Managing Data Operating System
Also available as:
PDF
loading table of contents...

Recommendations for running Docker containers on YARN

YARN expects that Docker is already installed on all NodeManager hosts where Docker containers will run. Consider these recommendations before installing and configuring Docker for use with YARN.

Docker Version

1.12.5 is the minimum recommended version. Docker is rapidly evolving and shipping multiple releases per year. Not all versions of Docker have been tested. Docker versioning changed in 2017, and is now known as Docker CE. Running a recent version of Docker CE is recommended. Note that recent versions of Docker CE have switched to using the overlay2 storage driver which may not work for all workloads.

RHEL/CentOS provides a version of Docker that can be installed via yum.

Storage Driver

Selecting a storage driver is dependent on OS kernel, workload, and Docker version. It is highly recommended that administrators read the documentation, consult with their operating system vendor, and test the desired workload before making a determination.

Testing has shown that device mapper using LVM is generally stable.

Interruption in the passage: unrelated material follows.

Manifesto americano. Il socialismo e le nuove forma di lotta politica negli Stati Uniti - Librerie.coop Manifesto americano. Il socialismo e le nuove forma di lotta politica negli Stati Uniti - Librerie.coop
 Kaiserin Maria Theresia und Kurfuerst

Under high write load to the container’s root filesystem, device mapper has exhibited panics. SSDs for the Docker graph storage are recommended in this case, but care still needs to be taken. Overlay and overlay2 perform significantly better than device mapper and are recommended if the OS kernel and workload support it.

CGroup Support

YARN provides isolation through the use of cgroups. Docker also has cgroup management built in. If isolation through cgroups if desired, the only recommended solution is to use YARN’s cgroup management at this time. YARN will create the cgroup hierarchy and set the the --cgroup-parent flag when launching the container.

For more information about setting YARN cgroups, see Enabling cgroups.

The cgroupdriver must be set to cgroupfs. You must ensure that Docker is running using the --exec-opt native.cgroupdriver=cgroupfs docker daemon option.

Note
Note

The Docker version included with RHEL/CentOS 7.2+ sets the cgroupdriver to systemd. You must change this, typically in the docker.service systemd unit file.


vi /usr/lib/systemd/system/docker.service
                

Find and fix the cgroupdriver:


--exec-opt native.cgroupdriver=cgroupfs \
                

Also, this version of Docker may include oci-hooks that expect to use the systemd cgroupdriver. Search for oci on your system and remove these files. For example:


rm -f /usr/libexec/oci/hooks.d/oci-systemd-hook
rm -f /usr/libexec/oci/hooks.d/oci-register-machine
                

Networking

YARN has support for running Docker containers on a user specified network, however, it does not manage the Docker networks. Administrators are expected to create the networks prior to running the containers. Node labels can be used to isolate particular networks. It is vital to read and understand the Docker networking documentation. Swarm based options are not recommended, however, overlay networks can be used if setup using an external store, such as etcd.

YARN will ask Docker for the networking details, such as IP address and hostname. As a result, all networking types are supported. Set the environment variable YARN_CONTAINER_RUNTIME_DOCKER_CONTAINER_NETWORK to specify the network to use.

Host networking is only recommended for testing. If the network where the NodeManagers are running has a sufficient number of IP addresses. The bridge networking with --fixed-cidr option works well. Each NodeManager is allocated a small portion of the larger IP space, and then allocates those IP addresses to containers.

To use an administrator defined network, add the network to docker.allowed.networks in container-executor.cfg and yarn.nodemanager.runtime.linux.docker.allowed-container-networks in yarn-site.xml.

Image Management

Images can be preloaded on all NodeManager hosts or they can be implicitly pulled at runtime if they are available in a public Docker registry, such as Docker hub. If the image does not exist on the NodeManager and cannot be pulled, the container will fail.

Docker Bind Mounted Volumes

Note
Note

Care should be taken when enabling this feature. Enabling access to directories such as, but not limited to, /, /etc, /run, or /home is not advisable and can result in containers negatively impacting the host or leaking sensitive information.

Files and directories from the host are commonly needed within the Docker containers, which Docker provides through volumes. Examples include localized resources, Apache Hadoop binaries, and sockets. In order to make use of this feature, the following must be configured.

The administrator must define the volume whitelist in container-executor.cfg by setting docker.allowed.ro-mounts and docker.allowed.rw-mounts to the list of parent directories that are allowed to be mounted.

The application submitter requests the required volumes at application submission time using the YARN_CONTAINER_RUNTIME_DOCKER_MOUNTS environment variable.

The administrator supplied whitelist is defined as a comma separated list of directories that are allowed to be mounted into containers. The source directory supplied by the user must either match or be a child of the specified directory.

The user supplied mount list is defined as a comma separated list in the form source:destination:mode. The source is the file or directory on the host. The destination is the path within the container where the source will be bind mounted. The mode defines the mode the user expects for the mount, which can be ro (read-only) or rw (read-write).